Web page caption snippets:
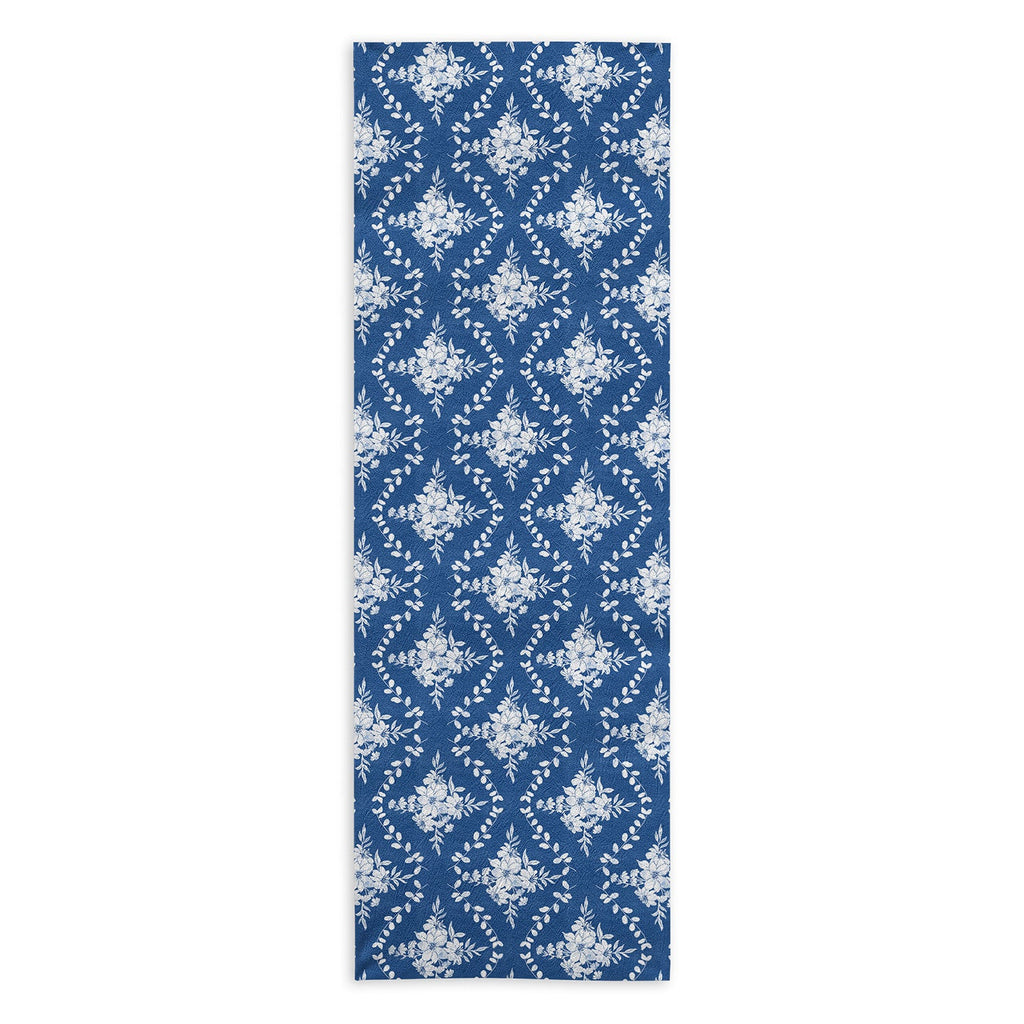 Marta Barragan Camarasa Chic Garden Whisper Yoga Towel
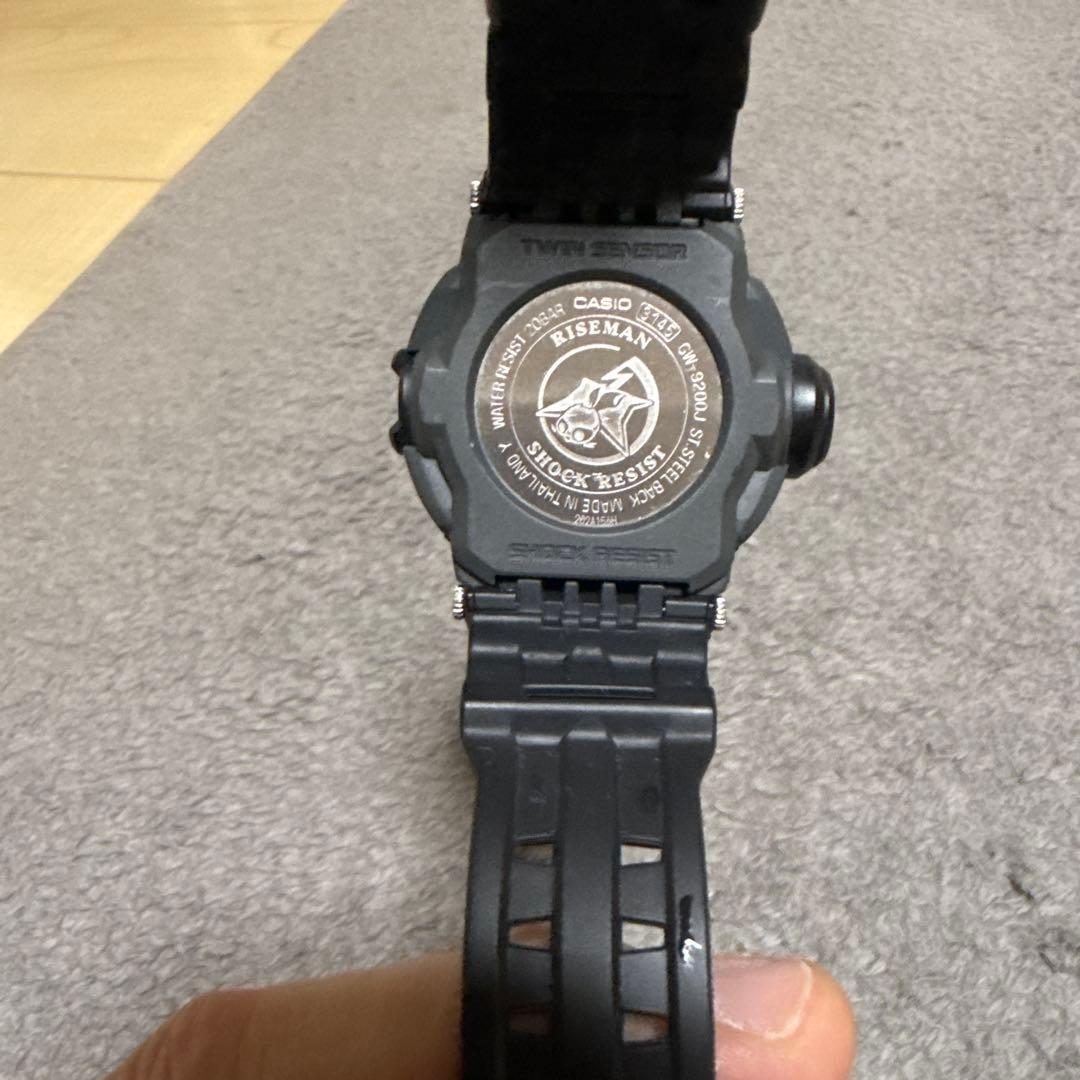 CASIO G-SHOCK RISEMAN デジタル腕時計 美品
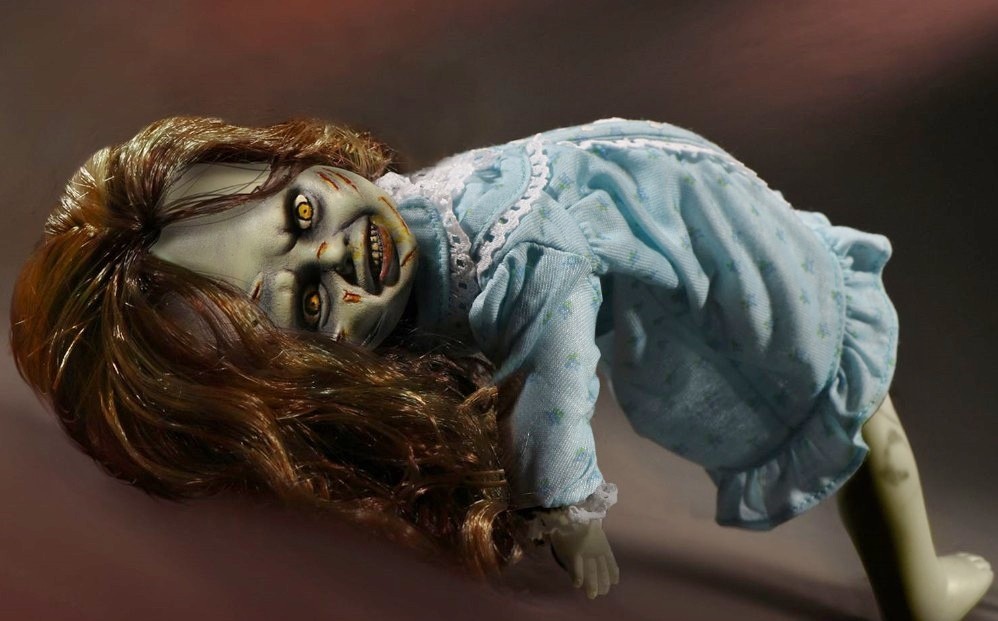 L’esorcista: la bambola “Living Dead Dolls” di Regan posseduta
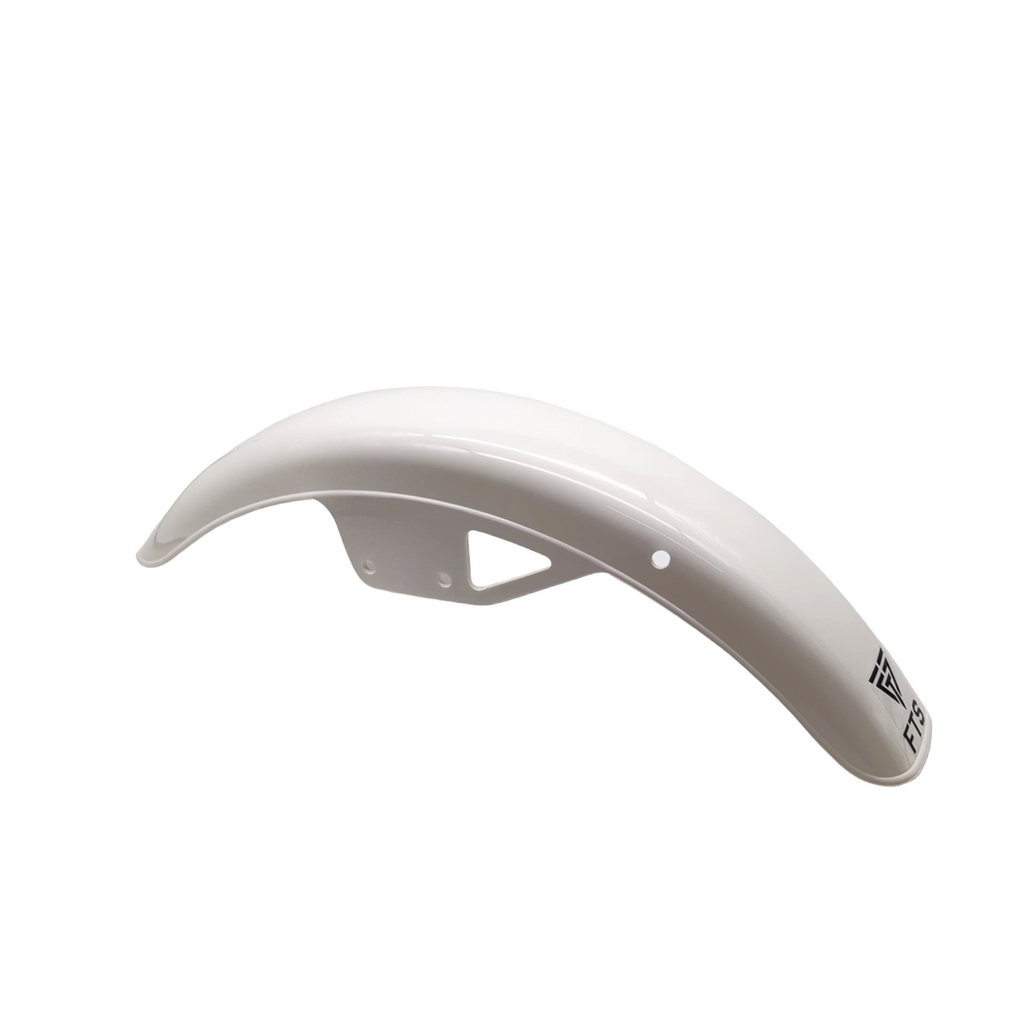 GUARDABARRO TANGA UNIV BLANCO GN125/PLASTICO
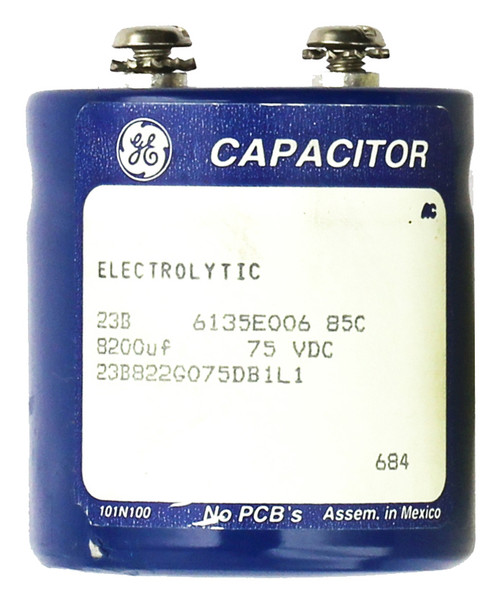 GE 23B822G075DB1L1 8200uf Capacitor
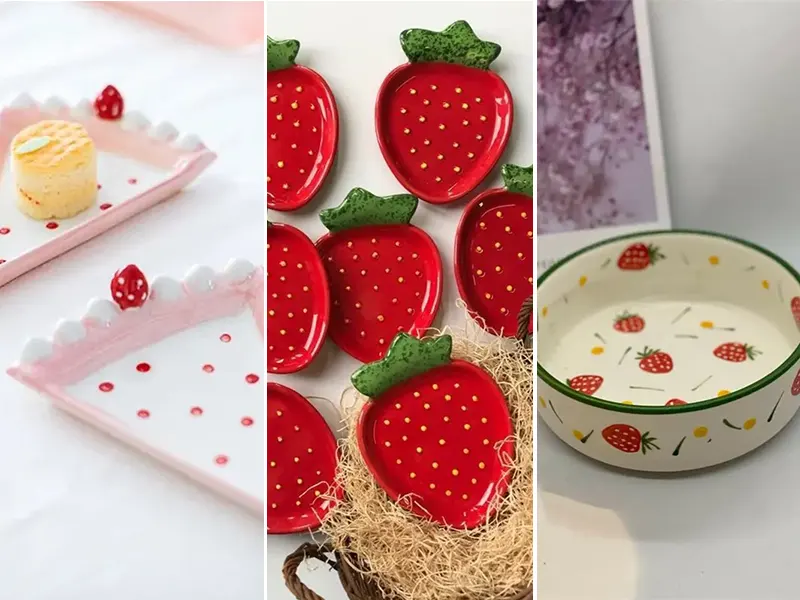 ظروف سفالی زیبا و کیوت (جدیدترین مدل های ترند امسال ۱۴۰۴ - ۲۰۲۵)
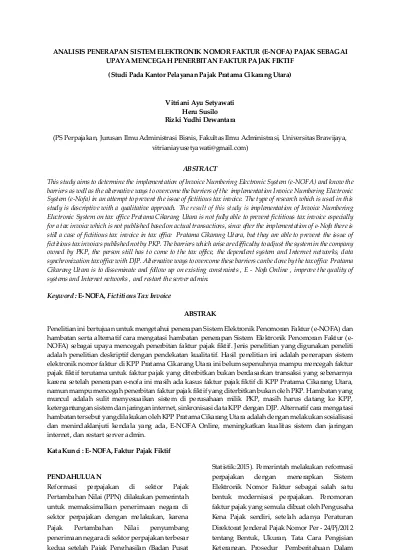 Top Pdf Elektronik Nomor Faktur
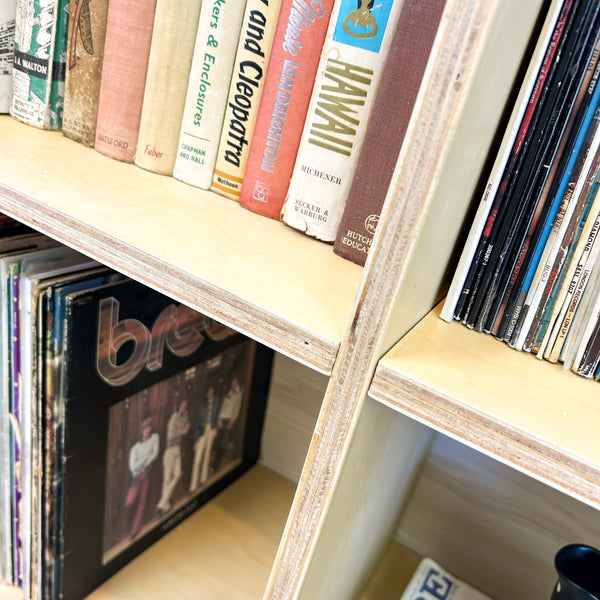 PLYWOOD CUBE STORAGE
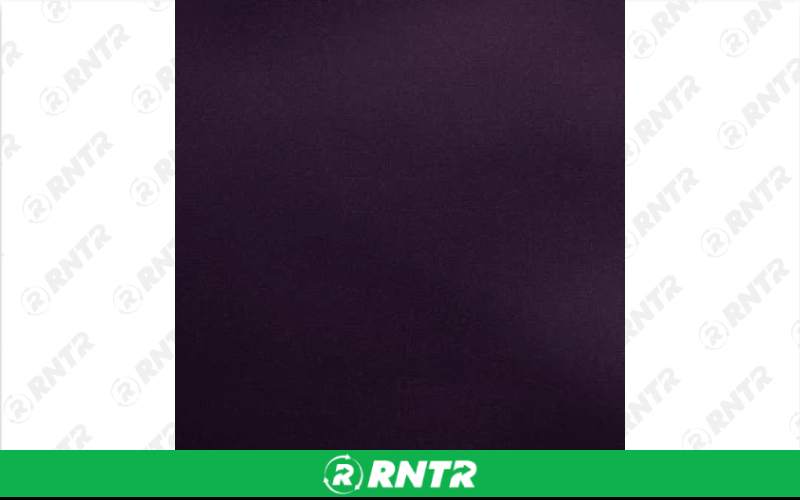  Satin Linen - Aubergine - 13in x 120in Runner – For rent in englewood, colorado – Allwell Rents | RNTR.com – Image 1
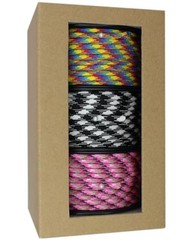 Multicolor Paracord Bulk Variety Pack Solid Color Paracord Supplies 9-color E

Work required:
Provide an exact copy of the records, excluding every picture.

Completed task:
 Marta Barragan Camarasa Chic Garden Whisper Yoga Towel
 CASIO G-SHOCK RISEMAN デジタル腕時計 美品
 L’esorcista: la bambola “Living Dead Dolls” di Regan posseduta
 GUARDABARRO TANGA UNIV BLANCO GN125/PLASTICO
 GE 23B822G075DB1L1 8200uf Capacitor
 ظروف سفالی زیبا و کیوت (جدیدترین مدل های ترند امسال ۱۴۰۴ - ۲۰۲۵)
 Top Pdf Elektronik Nomor Faktur
 PLYWOOD CUBE STORAGE
  Satin Linen - Aubergine - 13in x 120in Runner – For rent in englewood, colorado – Allwell Rents | RNTR.com – Image 1
 Multicolor Paracord Bulk Variety Pack Solid Color Paracord Supplies 9-color E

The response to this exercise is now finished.